TASK INSTRUCTIONS: Repeat every entry exactly. Pictures stay out.

SOURCE MATERIAL:
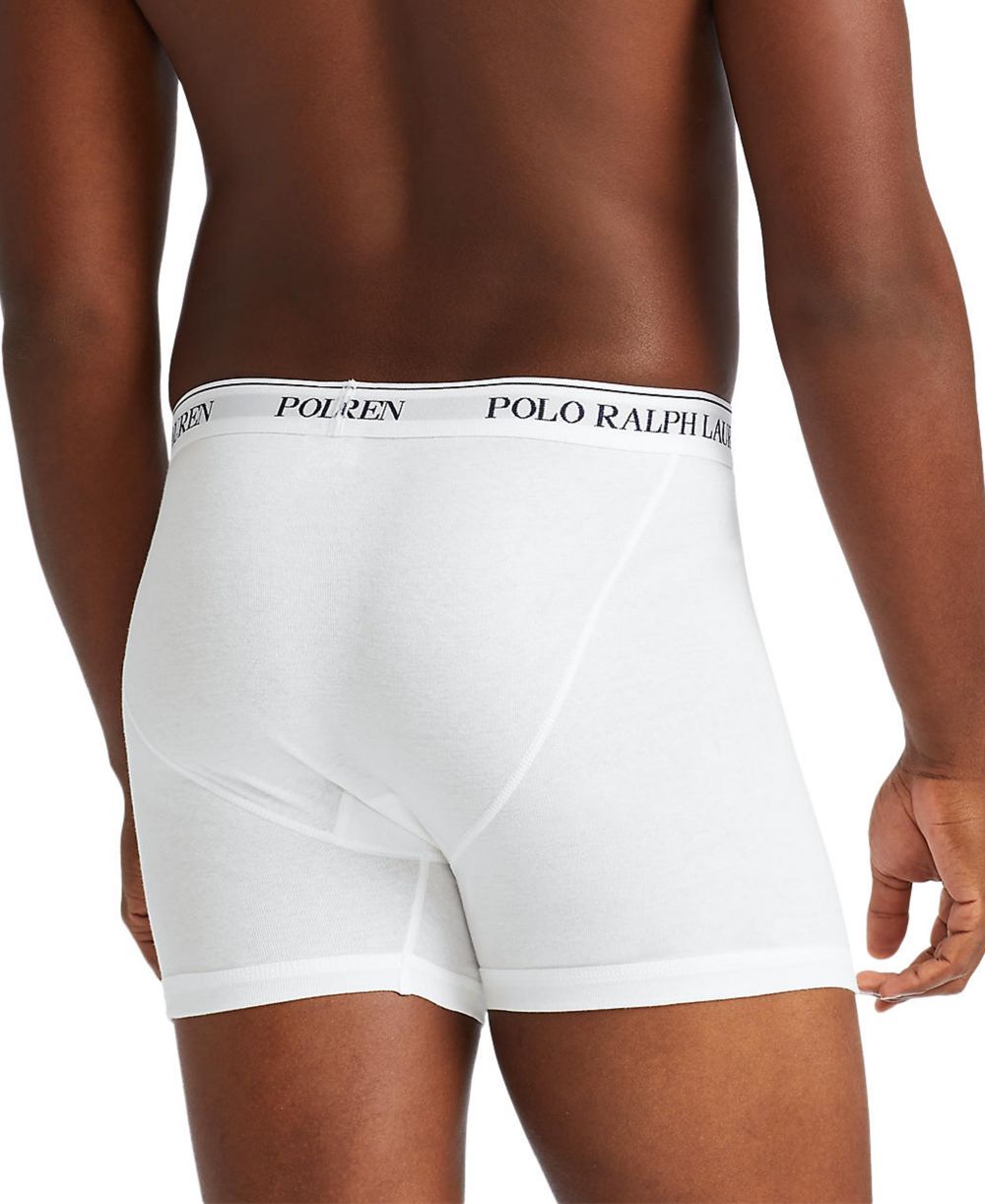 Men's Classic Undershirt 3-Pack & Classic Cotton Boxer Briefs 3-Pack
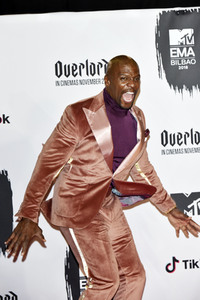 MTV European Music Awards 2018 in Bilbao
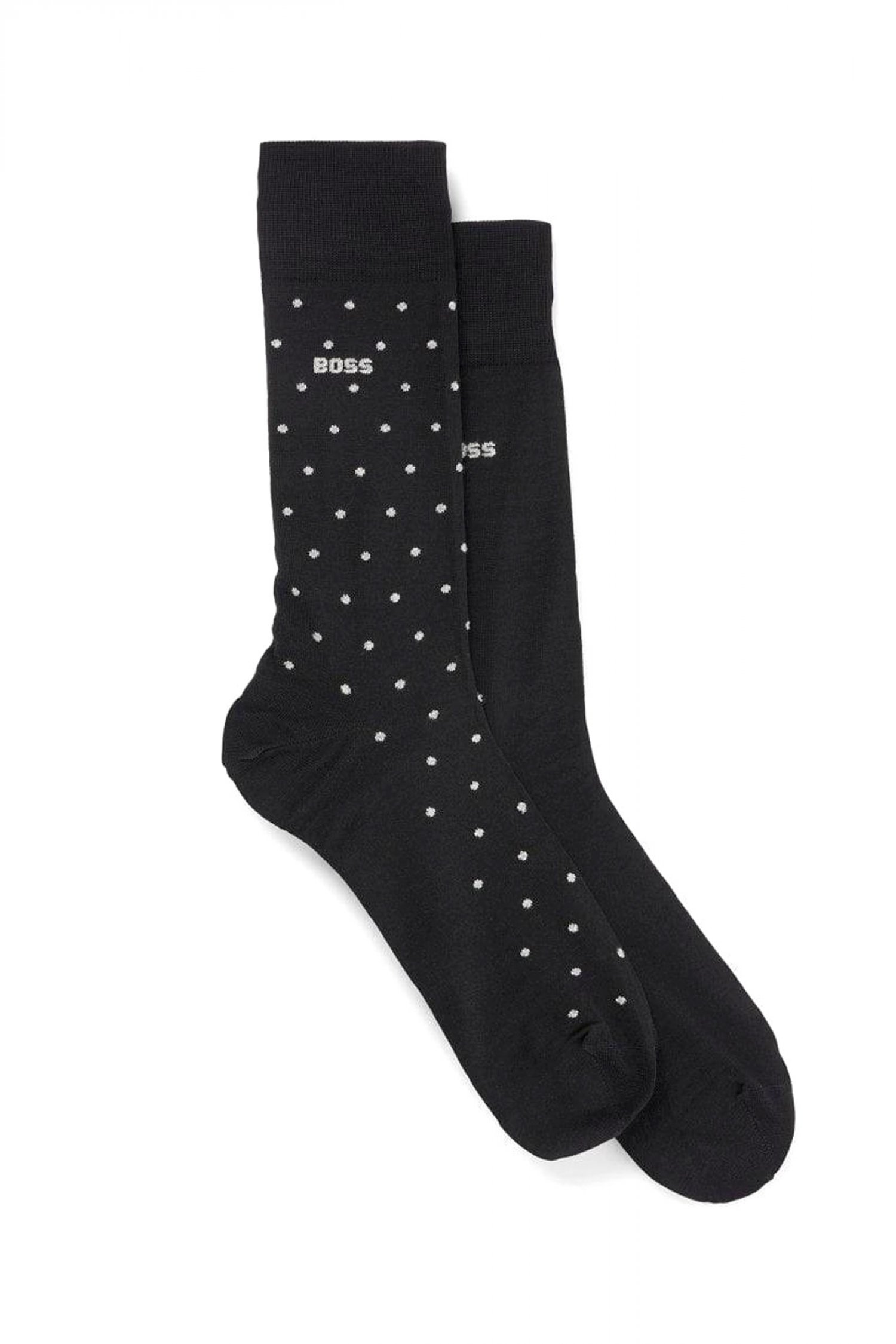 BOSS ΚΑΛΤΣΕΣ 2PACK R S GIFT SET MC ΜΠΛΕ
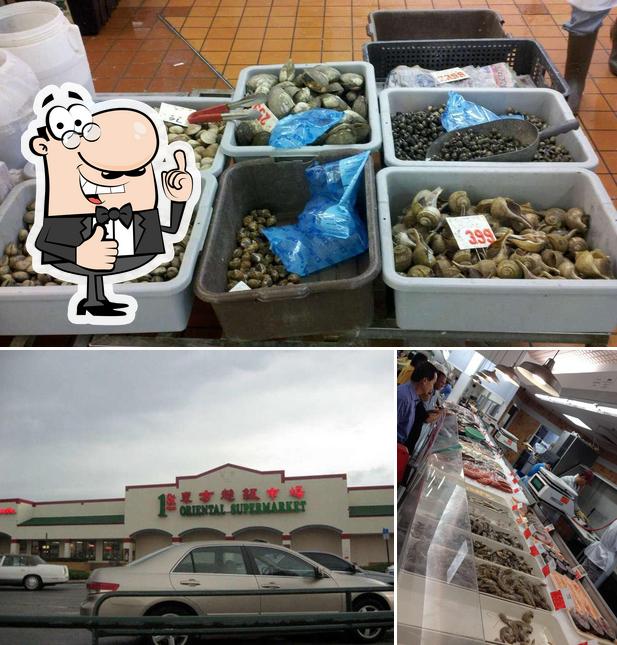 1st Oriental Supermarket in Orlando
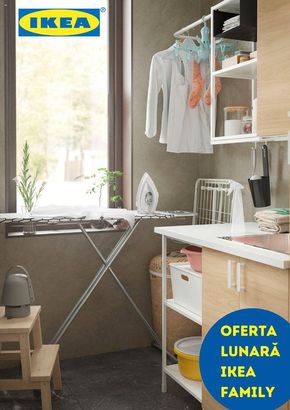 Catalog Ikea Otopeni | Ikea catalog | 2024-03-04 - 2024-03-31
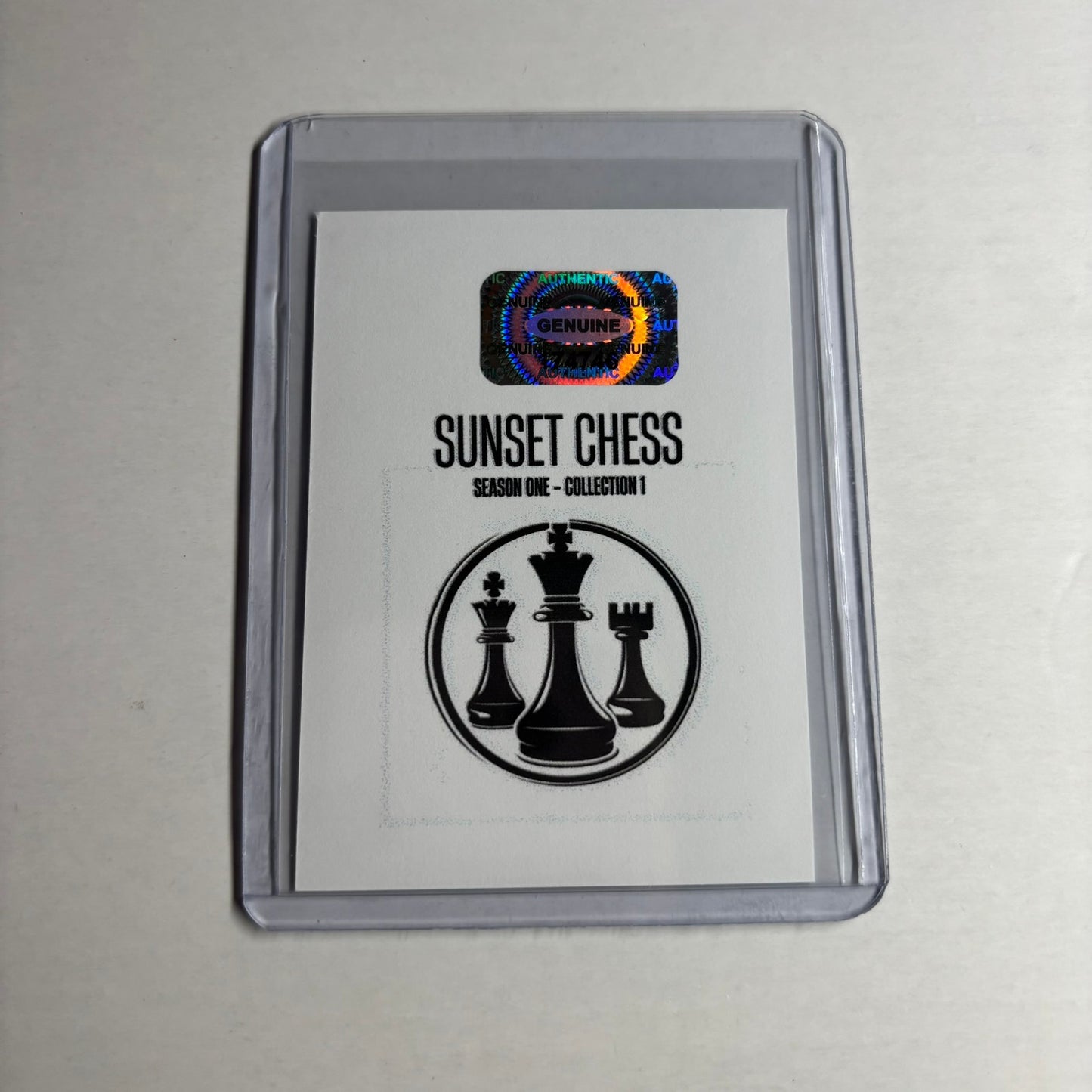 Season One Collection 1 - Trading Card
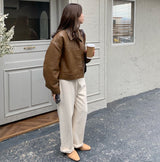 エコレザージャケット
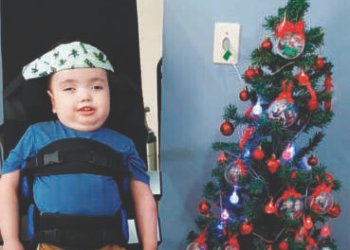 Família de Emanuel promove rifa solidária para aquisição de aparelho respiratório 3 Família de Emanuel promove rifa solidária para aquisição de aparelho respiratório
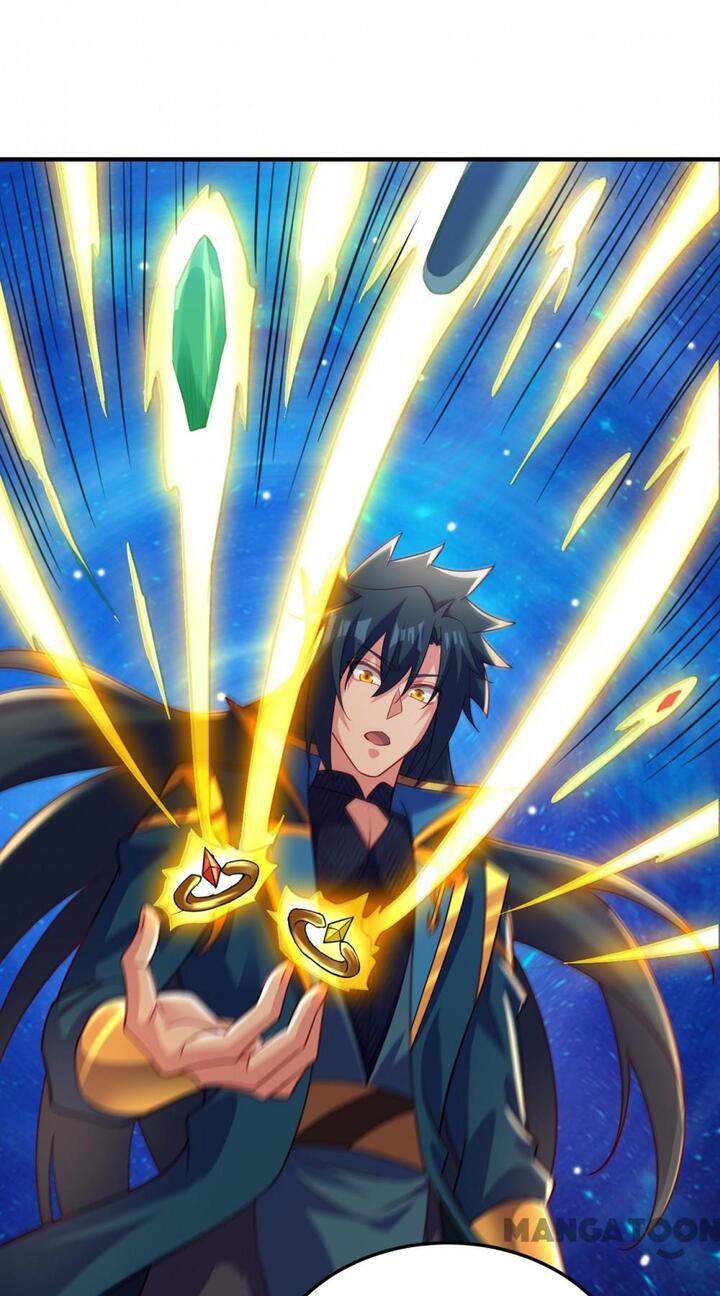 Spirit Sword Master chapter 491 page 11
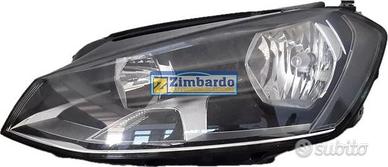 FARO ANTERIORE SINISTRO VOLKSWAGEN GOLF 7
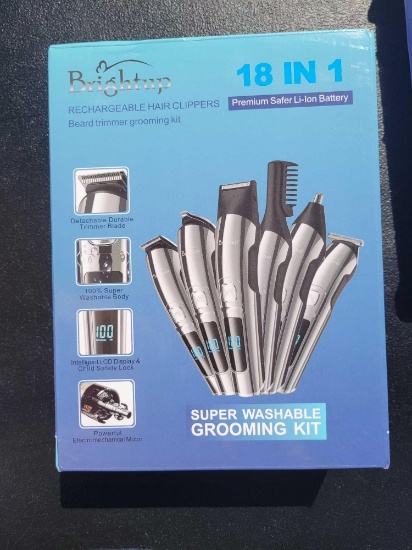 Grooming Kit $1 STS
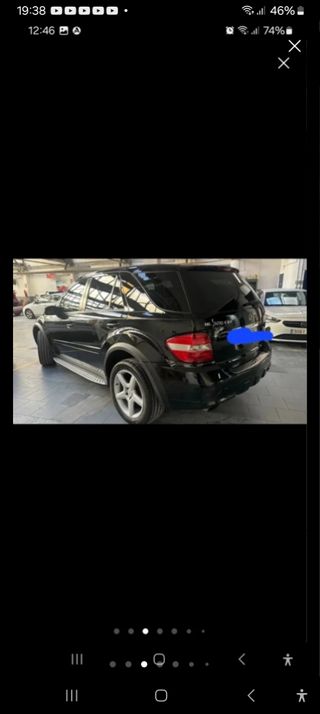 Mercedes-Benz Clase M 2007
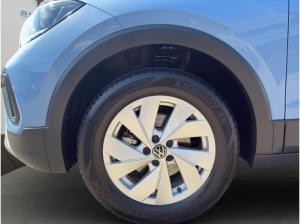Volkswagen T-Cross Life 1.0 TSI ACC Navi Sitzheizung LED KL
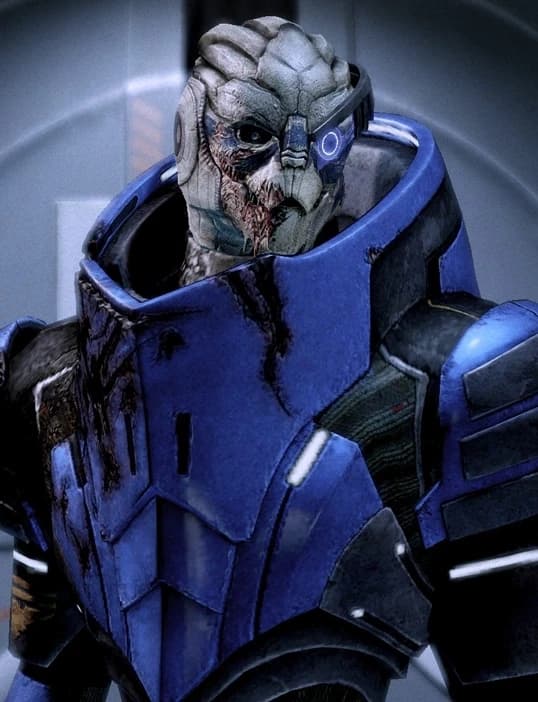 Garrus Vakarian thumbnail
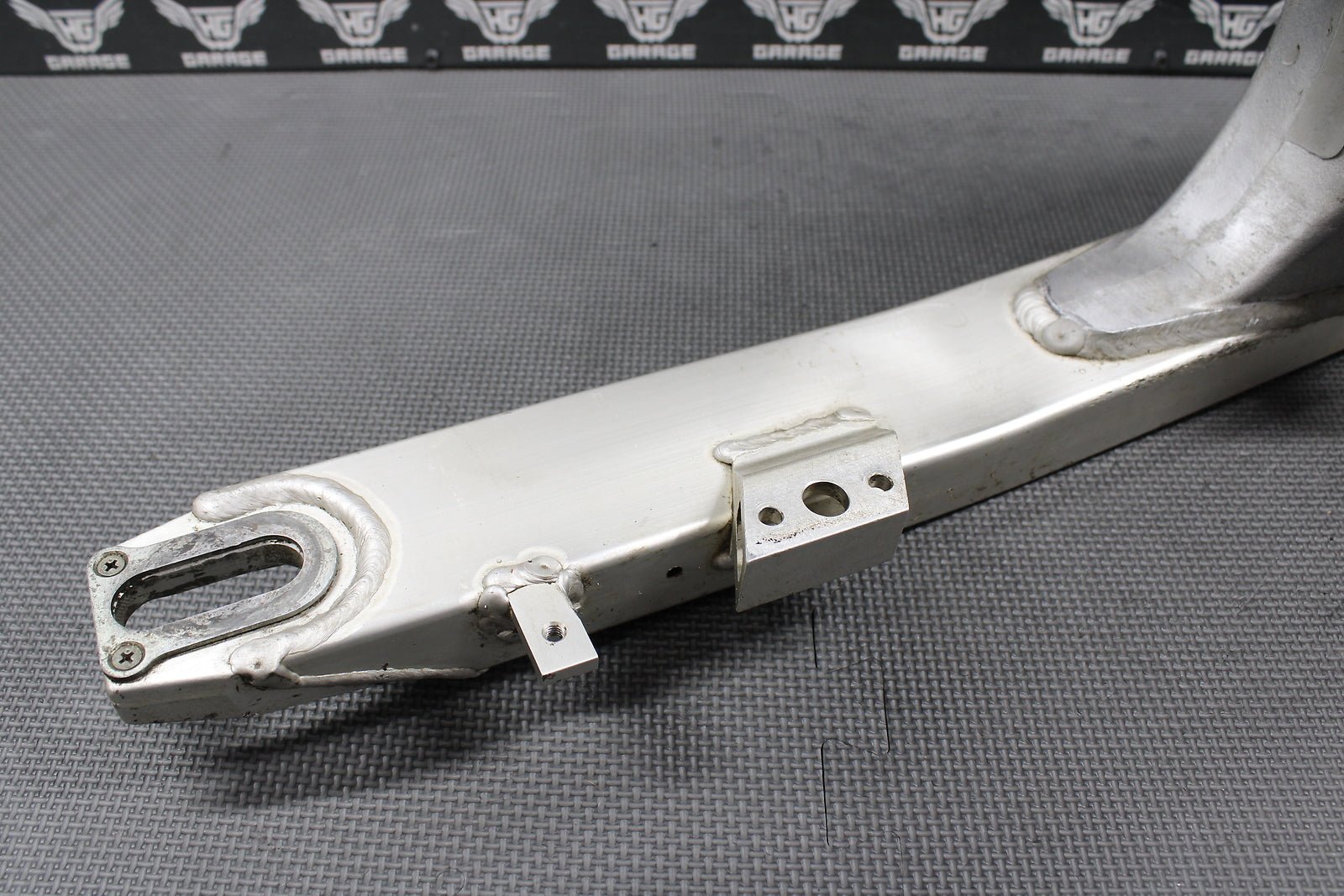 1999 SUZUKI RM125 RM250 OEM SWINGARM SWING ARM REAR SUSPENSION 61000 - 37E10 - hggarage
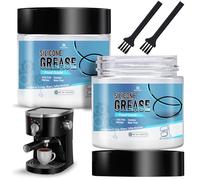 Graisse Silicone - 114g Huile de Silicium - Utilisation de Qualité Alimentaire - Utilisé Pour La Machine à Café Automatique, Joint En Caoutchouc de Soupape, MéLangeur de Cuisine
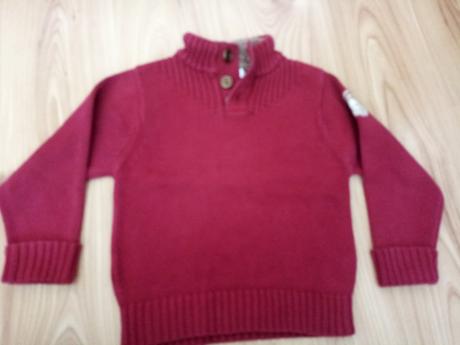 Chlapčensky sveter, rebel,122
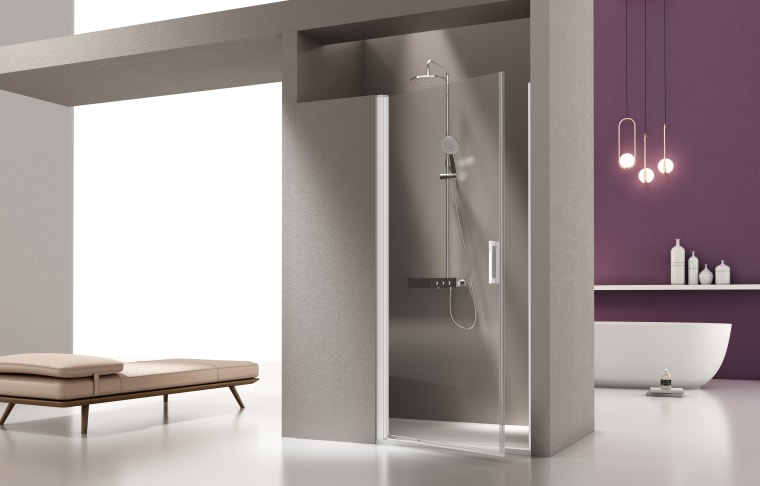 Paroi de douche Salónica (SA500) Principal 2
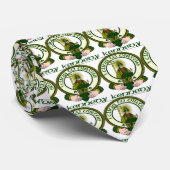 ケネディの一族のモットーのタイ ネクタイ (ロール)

ANSWER BOX:
 Men's Classic Undershirt 3-Pack & Classic Cotton Boxer Briefs 3-Pack
 MTV European Music Awards 2018 in Bilbao
 BOSS ΚΑΛΤΣΕΣ 2PACK R S GIFT SET MC ΜΠΛΕ
 1st Oriental Supermarket in Orlando
 Catalog Ikea Otopeni | Ikea catalog | 2024-03-04 - 2024-03-31
 Season One Collection 1 - Trading Card
 エコレザージャケット
 Família de Emanuel promove rifa solidária para aquisição de aparelho respiratório 3 Família de Emanuel promove rifa solidária para aquisição de aparelho respiratório
 Spirit Sword Master chapter 491 page 11
 FARO ANTERIORE SINISTRO VOLKSWAGEN GOLF 7
 Grooming Kit $1 STS
 Mercedes-Benz Clase M 2007
Volkswagen T-Cross Life 1.0 TSI ACC Navi Sitzheizung LED KL
 Garrus Vakarian thumbnail
 1999 SUZUKI RM125 RM250 OEM SWINGARM SWING ARM REAR SUSPENSION 61000 - 37E10 - hggarage
 Graisse Silicone - 114g Huile de Silicium - Utilisation de Qualité Alimentaire - Utilisé Pour La Machine à Café Automatique, Joint En Caoutchouc de Soupape, MéLangeur de Cuisine
 Chlapčensky sveter, rebel,122
 Paroi de douche Salónica (SA500) Principal 2
 ケネディの一族のモットーのタイ ネクタイ (ロール)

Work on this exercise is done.